Entries taken from a collection:
___
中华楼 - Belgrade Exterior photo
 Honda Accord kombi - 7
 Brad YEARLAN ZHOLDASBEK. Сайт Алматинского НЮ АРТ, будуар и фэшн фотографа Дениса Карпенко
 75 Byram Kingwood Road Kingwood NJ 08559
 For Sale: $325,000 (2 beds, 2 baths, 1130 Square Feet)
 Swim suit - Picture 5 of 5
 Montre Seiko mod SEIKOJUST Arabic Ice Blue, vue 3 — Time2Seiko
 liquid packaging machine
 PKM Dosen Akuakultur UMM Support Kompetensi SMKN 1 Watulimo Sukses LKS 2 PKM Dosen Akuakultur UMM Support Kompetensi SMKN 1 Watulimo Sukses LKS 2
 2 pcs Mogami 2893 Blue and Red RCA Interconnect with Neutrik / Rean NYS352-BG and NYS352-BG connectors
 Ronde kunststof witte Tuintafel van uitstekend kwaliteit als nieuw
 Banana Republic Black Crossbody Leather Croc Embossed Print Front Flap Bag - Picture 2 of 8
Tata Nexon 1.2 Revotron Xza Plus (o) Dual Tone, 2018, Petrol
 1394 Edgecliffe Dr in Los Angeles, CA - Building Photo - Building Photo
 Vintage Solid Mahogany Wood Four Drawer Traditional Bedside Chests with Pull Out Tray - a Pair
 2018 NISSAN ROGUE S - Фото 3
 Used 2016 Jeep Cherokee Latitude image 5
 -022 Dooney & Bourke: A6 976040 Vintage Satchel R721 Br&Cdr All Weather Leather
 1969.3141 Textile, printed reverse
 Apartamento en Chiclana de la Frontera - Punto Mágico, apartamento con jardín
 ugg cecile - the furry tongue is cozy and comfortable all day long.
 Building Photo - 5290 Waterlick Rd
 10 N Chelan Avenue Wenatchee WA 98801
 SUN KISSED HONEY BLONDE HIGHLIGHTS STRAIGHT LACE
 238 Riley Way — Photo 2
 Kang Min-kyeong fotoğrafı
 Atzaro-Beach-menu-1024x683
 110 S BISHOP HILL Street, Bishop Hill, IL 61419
___
=== What to work on ===
Copy exactly the line containing "ugg cecile - the" and every line after it, ending with the last line of the records above.

=== Answer to this problem ===
 ugg cecile - the furry tongue is cozy and comfortable all day long.
 Building Photo - 5290 Waterlick Rd
 10 N Chelan Avenue Wenatchee WA 98801
 SUN KISSED HONEY BLONDE HIGHLIGHTS STRAIGHT LACE
 238 Riley Way — Photo 2
 Kang Min-kyeong fotoğrafı
 Atzaro-Beach-menu-1024x683
 110 S BISHOP HILL Street, Bishop Hill, IL 61419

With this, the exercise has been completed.